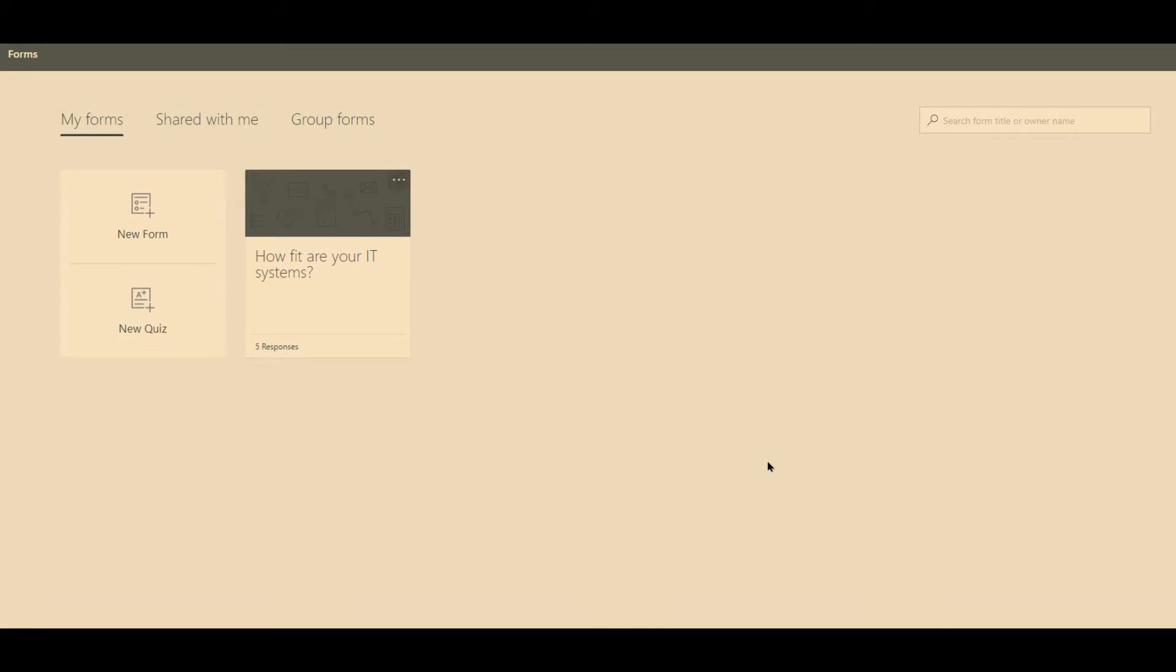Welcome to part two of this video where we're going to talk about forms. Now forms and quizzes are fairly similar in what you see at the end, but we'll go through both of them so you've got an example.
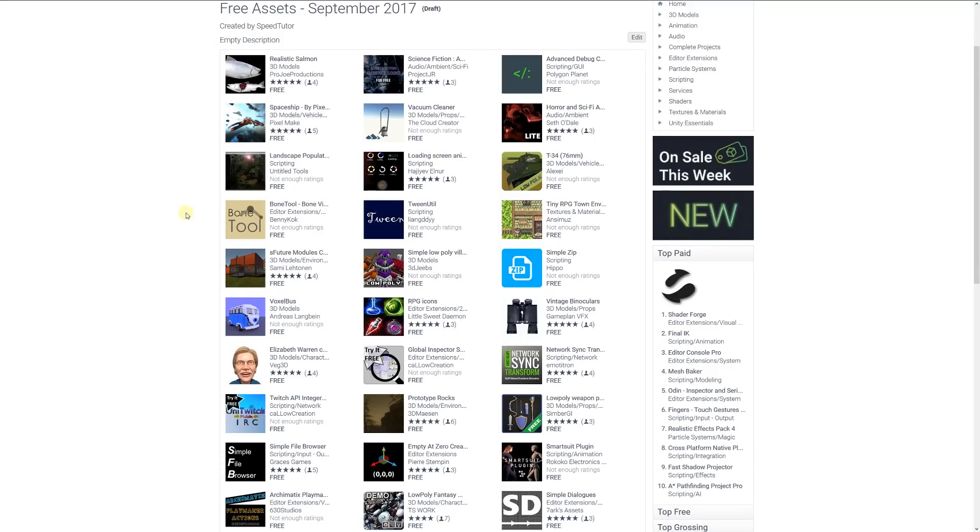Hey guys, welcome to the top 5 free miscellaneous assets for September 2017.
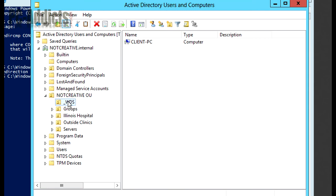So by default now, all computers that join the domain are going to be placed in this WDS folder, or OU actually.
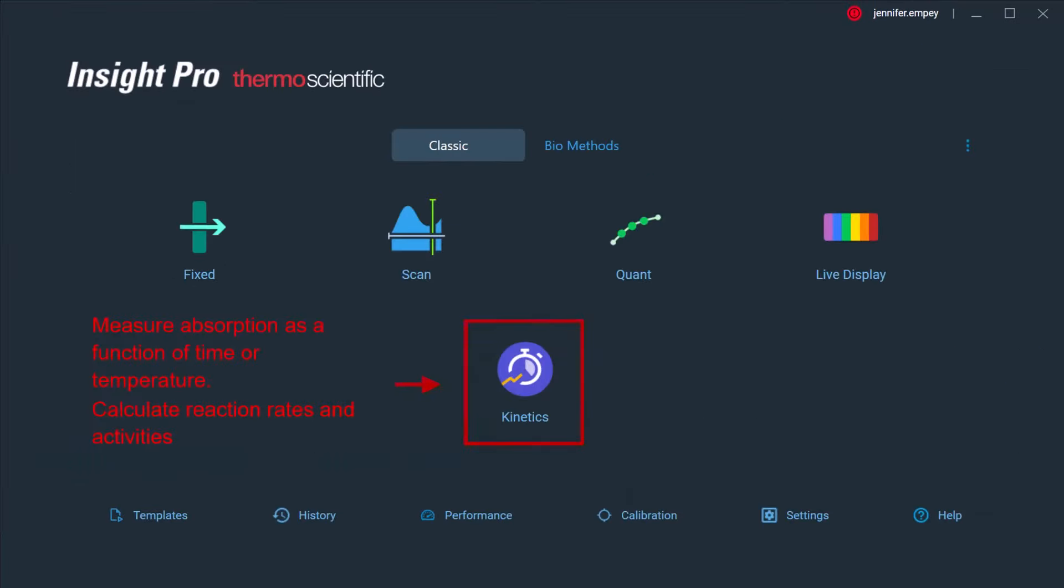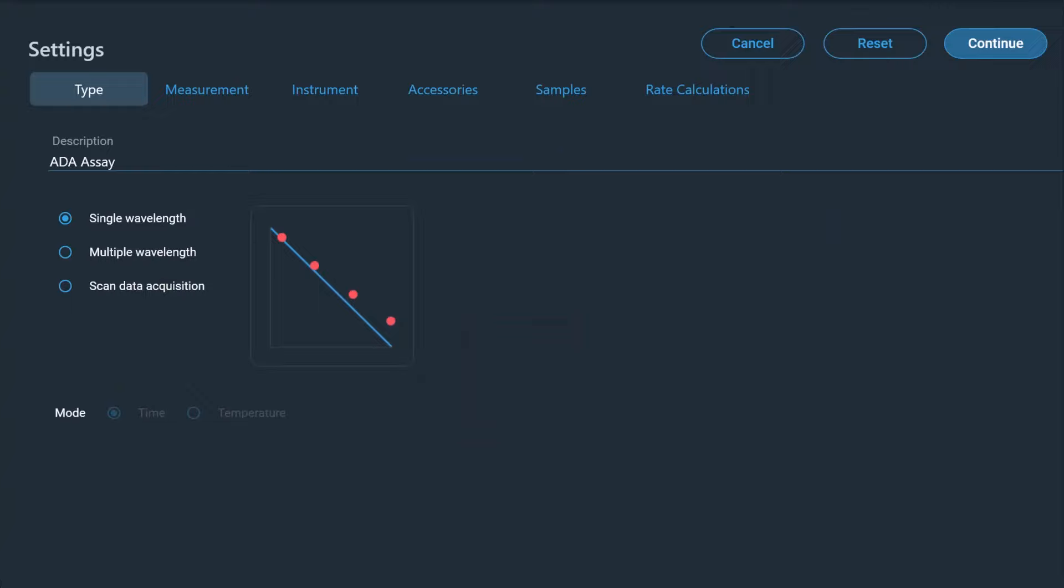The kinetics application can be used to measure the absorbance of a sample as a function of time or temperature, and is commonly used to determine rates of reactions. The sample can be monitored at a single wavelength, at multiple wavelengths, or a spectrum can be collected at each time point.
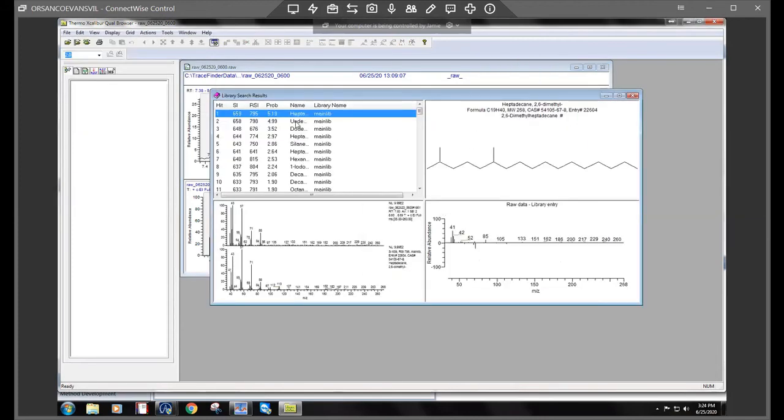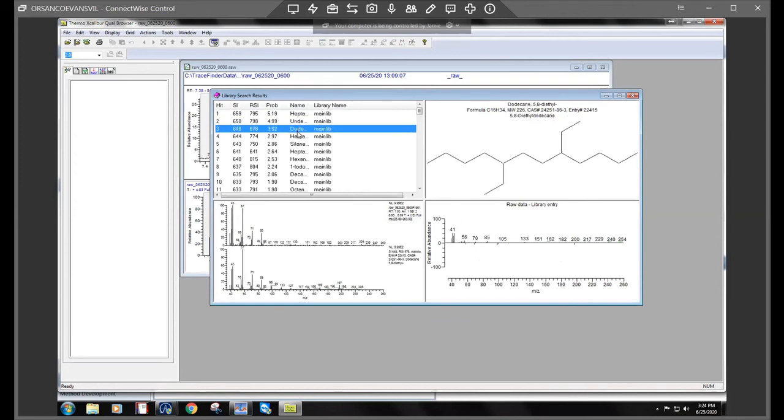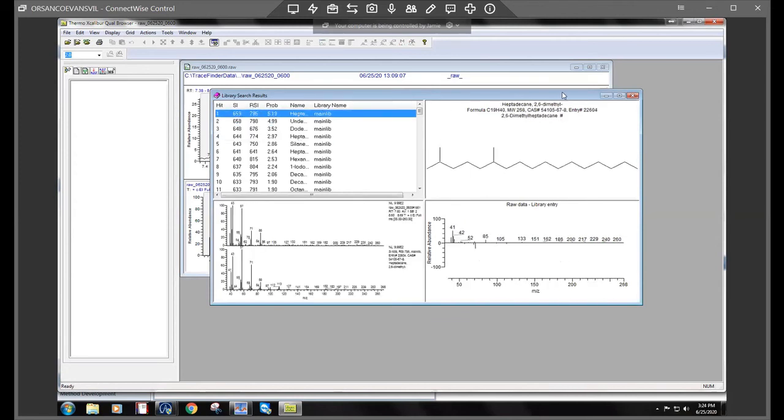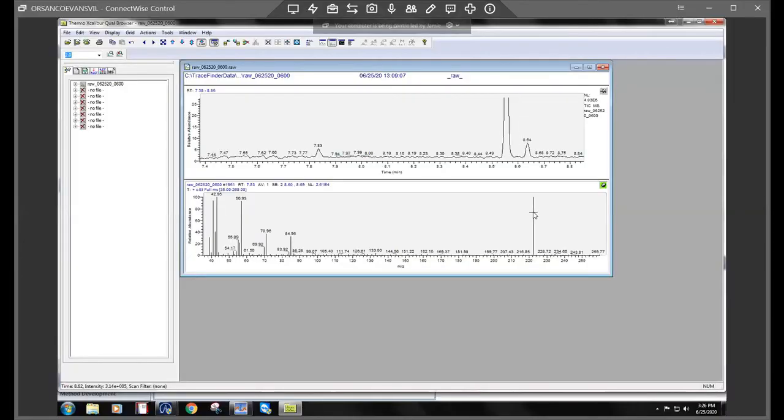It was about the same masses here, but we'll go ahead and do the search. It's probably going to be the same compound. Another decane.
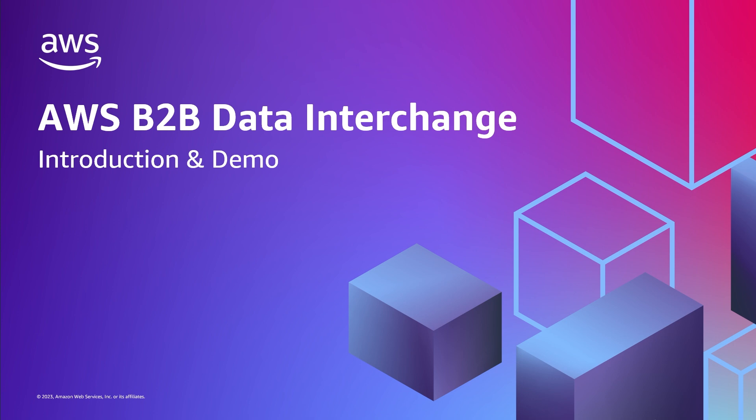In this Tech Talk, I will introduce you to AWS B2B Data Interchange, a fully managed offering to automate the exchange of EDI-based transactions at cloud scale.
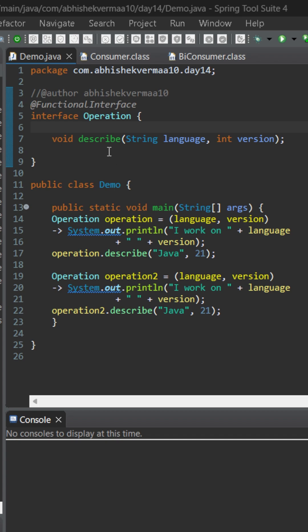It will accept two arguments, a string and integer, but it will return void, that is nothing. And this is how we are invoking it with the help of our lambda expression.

══════

Output each record above exactly; omit the images.

Welcome to part two of this video where we're going to talk about forms. Now forms and quizzes are fairly similar in what you see at the end, but we'll go through both of them so you've got an example.
Hey guys, welcome to the top 5 free miscellaneous assets for September 2017.
So by default now, all computers that join the domain are going to be placed in this WDS folder, or OU actually.
The kinetics application can be used to measure the absorbance of a sample as a function of time or temperature, and is commonly used to determine rates of reactions. The sample can be monitored at a single wavelength, at multiple wavelengths, or a spectrum can be collected at each time point.
It was about the same masses here, but we'll go ahead and do the search. It's probably going to be the same compound. Another decane.
In this Tech Talk, I will introduce you to AWS B2B Data Interchange, a fully managed offering to automate the exchange of EDI-based transactions at cloud scale.
It will accept two arguments, a string and integer, but it will return void, that is nothing. And this is how we are invoking it with the help of our lambda expression.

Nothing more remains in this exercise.